The test is being conducted through the U.S. Department of Transportation’s Unmanned Aircraft System Integration Pilot Program, created in 2017 to determine aviation regulations and safety protocols for the devices. Parcel carrier UPS Inc. also takes part in the program, and has said it will start a delivery subsidiary called Flight Forward Inc. once it obtains FAA certification.
And Walmart’s e-commerce rival, Amazon.com, said in June that it will start testing drone delivery by the end of the year. Amazon claims its Amazon Prime Air delivery service will be able to fly packages weighing up to 5 pounds to customers within 30 minutes of ordering.

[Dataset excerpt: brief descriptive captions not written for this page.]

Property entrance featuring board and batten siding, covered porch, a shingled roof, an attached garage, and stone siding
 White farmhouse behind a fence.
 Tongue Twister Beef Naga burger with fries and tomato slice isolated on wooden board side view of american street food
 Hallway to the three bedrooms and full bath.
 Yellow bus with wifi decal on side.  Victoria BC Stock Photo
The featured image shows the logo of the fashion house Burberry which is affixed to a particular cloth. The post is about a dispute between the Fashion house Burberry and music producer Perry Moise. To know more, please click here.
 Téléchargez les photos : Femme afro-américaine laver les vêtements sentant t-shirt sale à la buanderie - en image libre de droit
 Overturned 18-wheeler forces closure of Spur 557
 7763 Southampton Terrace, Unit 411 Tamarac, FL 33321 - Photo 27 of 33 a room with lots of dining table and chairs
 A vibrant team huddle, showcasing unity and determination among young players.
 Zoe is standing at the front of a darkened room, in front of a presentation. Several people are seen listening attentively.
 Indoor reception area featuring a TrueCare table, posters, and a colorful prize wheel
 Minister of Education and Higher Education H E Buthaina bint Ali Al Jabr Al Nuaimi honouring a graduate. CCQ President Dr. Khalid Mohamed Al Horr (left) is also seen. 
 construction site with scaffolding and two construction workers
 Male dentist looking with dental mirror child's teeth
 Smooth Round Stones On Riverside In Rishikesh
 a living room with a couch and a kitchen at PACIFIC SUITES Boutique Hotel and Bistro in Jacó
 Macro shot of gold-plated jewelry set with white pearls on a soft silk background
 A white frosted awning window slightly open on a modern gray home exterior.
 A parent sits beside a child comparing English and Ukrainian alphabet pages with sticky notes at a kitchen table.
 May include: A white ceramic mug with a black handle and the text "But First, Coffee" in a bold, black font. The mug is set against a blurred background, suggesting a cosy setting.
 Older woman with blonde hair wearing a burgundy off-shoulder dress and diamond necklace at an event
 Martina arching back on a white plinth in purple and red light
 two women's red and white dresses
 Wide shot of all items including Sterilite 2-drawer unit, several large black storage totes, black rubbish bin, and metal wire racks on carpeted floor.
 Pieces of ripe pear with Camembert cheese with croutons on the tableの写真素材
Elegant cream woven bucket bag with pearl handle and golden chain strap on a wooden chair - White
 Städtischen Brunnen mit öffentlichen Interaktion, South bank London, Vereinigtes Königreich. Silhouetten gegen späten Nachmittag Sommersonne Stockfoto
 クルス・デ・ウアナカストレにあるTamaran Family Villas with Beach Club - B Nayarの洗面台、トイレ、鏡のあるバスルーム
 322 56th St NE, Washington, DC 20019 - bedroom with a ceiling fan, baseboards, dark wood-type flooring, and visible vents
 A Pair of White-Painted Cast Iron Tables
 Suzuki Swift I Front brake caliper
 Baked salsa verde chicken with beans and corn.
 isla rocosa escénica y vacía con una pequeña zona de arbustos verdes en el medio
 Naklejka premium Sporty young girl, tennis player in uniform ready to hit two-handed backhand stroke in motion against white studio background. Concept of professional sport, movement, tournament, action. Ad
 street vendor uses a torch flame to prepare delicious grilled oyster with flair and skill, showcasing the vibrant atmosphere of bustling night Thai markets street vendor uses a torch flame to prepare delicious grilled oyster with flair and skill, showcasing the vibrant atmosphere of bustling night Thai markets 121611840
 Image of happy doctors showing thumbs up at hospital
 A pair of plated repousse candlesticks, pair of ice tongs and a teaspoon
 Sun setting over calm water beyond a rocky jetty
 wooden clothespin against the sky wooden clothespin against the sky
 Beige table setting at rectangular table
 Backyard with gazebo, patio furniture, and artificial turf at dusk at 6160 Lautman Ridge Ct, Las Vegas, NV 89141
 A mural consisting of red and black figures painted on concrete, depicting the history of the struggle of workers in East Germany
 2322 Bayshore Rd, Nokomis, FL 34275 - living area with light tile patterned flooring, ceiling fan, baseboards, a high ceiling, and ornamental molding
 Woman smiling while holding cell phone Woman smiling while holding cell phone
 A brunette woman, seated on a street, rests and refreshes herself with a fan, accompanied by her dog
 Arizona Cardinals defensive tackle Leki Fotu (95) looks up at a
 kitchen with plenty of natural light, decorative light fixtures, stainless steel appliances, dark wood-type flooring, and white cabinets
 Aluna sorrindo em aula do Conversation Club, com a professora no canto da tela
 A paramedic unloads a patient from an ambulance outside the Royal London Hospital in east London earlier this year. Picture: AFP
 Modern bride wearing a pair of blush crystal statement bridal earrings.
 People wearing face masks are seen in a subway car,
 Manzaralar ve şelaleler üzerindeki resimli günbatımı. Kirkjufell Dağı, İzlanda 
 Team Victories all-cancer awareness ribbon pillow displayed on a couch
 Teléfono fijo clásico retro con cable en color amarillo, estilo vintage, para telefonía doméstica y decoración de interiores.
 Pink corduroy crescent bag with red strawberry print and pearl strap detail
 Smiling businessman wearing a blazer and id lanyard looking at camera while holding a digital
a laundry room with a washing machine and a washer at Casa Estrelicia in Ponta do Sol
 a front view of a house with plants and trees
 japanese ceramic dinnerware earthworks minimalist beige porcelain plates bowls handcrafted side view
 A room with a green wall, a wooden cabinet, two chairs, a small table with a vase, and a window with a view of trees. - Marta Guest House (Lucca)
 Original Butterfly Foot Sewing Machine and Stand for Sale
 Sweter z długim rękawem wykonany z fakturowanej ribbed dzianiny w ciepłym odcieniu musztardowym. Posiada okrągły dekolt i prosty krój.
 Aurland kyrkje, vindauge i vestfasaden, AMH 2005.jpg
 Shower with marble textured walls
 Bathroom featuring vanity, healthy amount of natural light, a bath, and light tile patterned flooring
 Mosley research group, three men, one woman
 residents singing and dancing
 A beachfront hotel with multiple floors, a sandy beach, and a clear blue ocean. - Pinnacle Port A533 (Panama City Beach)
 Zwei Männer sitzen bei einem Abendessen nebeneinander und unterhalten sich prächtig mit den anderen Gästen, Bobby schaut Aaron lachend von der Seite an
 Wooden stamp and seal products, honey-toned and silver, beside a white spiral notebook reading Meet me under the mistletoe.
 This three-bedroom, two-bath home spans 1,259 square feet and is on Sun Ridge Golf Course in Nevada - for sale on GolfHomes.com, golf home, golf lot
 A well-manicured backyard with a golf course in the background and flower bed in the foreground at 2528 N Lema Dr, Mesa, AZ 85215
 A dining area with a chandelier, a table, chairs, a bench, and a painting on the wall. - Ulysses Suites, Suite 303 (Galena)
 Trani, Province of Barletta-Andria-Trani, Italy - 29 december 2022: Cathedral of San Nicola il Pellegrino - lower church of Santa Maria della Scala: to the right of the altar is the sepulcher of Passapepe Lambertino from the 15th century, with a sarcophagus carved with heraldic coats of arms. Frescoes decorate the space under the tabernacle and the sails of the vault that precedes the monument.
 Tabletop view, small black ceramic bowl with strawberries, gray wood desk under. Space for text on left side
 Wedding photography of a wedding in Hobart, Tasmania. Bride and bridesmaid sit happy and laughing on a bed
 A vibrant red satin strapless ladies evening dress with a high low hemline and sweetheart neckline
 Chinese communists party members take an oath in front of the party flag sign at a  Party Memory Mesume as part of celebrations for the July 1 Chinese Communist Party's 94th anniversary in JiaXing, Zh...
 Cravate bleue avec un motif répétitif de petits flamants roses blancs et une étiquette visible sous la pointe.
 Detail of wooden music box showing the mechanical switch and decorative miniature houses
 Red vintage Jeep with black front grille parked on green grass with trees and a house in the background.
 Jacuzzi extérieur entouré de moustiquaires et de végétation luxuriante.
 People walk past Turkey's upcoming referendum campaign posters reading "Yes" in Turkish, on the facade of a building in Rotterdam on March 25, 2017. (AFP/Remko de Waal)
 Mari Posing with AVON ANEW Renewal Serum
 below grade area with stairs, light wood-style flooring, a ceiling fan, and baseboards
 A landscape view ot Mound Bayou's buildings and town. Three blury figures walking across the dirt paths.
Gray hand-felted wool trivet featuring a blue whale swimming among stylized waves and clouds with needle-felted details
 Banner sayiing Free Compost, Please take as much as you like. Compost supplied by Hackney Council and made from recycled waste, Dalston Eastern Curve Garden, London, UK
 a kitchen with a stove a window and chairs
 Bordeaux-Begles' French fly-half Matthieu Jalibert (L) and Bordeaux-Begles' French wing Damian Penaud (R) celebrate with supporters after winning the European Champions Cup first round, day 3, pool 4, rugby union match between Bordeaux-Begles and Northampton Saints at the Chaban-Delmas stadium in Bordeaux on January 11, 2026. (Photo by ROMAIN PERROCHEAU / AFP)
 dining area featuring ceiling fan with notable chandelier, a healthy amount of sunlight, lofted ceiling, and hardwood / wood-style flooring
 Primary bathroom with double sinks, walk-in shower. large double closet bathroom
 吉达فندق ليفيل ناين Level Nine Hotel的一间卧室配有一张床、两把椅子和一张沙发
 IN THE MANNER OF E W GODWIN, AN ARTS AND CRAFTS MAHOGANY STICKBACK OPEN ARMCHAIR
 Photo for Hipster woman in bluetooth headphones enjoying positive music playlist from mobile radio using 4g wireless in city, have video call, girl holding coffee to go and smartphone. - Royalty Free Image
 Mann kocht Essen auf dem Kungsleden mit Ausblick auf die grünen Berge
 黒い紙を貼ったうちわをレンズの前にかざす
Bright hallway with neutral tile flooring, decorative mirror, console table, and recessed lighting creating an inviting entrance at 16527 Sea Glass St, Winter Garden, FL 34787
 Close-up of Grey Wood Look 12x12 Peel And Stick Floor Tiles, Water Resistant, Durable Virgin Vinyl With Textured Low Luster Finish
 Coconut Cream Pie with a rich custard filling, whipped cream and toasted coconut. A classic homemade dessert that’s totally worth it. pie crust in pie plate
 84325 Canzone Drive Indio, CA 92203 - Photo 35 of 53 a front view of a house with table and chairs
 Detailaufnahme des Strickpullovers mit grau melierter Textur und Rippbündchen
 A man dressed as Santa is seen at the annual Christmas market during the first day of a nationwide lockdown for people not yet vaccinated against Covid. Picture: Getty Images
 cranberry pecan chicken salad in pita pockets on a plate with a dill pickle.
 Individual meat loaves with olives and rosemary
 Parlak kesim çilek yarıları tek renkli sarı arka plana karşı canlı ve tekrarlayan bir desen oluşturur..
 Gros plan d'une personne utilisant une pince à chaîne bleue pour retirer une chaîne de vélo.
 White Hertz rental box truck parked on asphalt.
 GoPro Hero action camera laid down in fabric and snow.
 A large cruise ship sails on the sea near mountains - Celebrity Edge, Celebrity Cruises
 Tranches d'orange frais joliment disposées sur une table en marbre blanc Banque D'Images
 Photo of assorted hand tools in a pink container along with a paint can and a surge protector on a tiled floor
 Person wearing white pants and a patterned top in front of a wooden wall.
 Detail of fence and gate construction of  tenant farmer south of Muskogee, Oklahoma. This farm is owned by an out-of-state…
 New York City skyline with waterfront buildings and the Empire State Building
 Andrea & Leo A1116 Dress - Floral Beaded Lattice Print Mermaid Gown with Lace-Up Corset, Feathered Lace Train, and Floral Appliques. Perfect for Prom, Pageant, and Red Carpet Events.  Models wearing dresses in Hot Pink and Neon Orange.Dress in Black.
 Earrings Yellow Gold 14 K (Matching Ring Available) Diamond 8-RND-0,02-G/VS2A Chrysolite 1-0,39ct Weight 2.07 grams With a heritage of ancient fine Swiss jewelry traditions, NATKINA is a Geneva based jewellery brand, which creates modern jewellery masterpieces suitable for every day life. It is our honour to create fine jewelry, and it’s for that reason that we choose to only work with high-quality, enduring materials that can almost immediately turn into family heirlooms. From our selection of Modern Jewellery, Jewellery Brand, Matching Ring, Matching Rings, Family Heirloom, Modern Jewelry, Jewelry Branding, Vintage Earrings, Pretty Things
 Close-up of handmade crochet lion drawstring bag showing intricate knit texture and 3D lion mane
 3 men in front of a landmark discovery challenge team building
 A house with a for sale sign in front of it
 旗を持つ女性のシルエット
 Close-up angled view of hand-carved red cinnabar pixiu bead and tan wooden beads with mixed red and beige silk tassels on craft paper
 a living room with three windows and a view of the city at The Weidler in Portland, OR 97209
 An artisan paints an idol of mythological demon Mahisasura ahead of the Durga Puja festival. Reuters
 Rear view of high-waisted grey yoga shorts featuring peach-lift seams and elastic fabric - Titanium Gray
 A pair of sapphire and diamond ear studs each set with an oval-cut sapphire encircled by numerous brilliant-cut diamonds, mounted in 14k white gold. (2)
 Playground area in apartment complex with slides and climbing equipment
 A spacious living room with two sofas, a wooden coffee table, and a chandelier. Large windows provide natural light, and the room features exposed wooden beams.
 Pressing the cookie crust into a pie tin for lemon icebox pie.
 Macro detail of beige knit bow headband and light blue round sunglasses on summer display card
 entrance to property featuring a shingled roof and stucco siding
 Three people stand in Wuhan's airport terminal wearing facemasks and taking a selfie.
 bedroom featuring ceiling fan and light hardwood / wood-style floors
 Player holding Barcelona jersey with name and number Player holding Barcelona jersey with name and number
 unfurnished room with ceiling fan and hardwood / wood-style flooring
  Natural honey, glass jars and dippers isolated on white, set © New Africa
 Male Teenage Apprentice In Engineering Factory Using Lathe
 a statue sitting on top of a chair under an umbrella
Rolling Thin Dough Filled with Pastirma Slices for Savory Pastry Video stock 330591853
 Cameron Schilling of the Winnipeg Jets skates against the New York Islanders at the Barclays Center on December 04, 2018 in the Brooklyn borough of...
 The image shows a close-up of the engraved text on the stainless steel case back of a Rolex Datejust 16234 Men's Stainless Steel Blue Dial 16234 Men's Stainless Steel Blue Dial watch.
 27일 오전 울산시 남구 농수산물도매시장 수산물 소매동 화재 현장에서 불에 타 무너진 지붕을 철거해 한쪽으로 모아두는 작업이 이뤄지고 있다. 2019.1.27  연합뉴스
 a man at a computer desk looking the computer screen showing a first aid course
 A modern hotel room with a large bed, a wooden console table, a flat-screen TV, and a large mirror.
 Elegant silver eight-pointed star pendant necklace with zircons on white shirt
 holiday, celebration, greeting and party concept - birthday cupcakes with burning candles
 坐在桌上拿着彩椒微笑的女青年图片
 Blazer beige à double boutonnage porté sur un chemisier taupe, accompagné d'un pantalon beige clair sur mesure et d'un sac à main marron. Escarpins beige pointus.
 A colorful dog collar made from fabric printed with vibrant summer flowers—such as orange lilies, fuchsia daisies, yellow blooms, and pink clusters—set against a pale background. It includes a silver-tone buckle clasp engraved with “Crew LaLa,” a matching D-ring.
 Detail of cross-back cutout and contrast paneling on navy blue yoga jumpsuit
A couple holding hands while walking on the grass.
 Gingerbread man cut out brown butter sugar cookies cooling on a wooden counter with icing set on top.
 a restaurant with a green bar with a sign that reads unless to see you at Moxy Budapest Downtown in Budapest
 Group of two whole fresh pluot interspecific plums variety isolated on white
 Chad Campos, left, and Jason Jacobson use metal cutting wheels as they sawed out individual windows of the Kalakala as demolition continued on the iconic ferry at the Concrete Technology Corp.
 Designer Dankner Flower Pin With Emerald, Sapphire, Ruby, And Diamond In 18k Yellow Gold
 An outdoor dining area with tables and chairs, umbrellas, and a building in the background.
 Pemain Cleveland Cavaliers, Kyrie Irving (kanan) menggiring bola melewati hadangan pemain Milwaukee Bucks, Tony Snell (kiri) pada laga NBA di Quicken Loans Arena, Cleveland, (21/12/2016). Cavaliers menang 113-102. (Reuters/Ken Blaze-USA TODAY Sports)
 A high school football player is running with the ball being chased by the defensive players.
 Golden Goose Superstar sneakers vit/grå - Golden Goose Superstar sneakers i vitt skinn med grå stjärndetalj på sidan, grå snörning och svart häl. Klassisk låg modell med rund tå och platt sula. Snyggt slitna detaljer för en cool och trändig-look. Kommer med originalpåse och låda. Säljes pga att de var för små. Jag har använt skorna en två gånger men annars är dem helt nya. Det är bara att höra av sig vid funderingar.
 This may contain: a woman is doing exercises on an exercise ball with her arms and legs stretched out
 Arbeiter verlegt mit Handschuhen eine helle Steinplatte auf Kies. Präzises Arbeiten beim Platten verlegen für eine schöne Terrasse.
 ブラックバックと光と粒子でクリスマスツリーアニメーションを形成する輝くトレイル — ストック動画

Fleets of delivery drones won’t be filling the skies any time soon, though. Jon Walker, who writes about emerging technologies for consulting firm Emerj Artificial Intelligence Research, said in a May article that there’s a big difference between a few carefully watched drones flying in a limited area and “potentially hundreds” flying in the same general area.
“Regular adoption of drone delivery will involve solving significant technical and legal challenges,” Walker said. “The biggest technical challenge is safety, and getting all the drones working in unison. Any drone flying over a highly populated area needs to be able to handle everything from trees to kites to freak events like an eagle dropping a fish it just caught.”
Walker said the FAA, NASA and various industry partners are working on a drone air traffic control system to keep all these aircraft flying safely in tandem. NASA wants to finish researching such a system by year’s end, he said, so the FAA can begin implementing it.
If the testing goes well, Walker said, “2020 is the earliest one could reasonably expect significant deployment in the United States. It might be more realistic to look around 2023 for regular drone deliveries to homes.”
Walker added, though, that if drone delivery is safely adopted at scale in other countries, “we can expect regulatory processes to speed up in the USA.”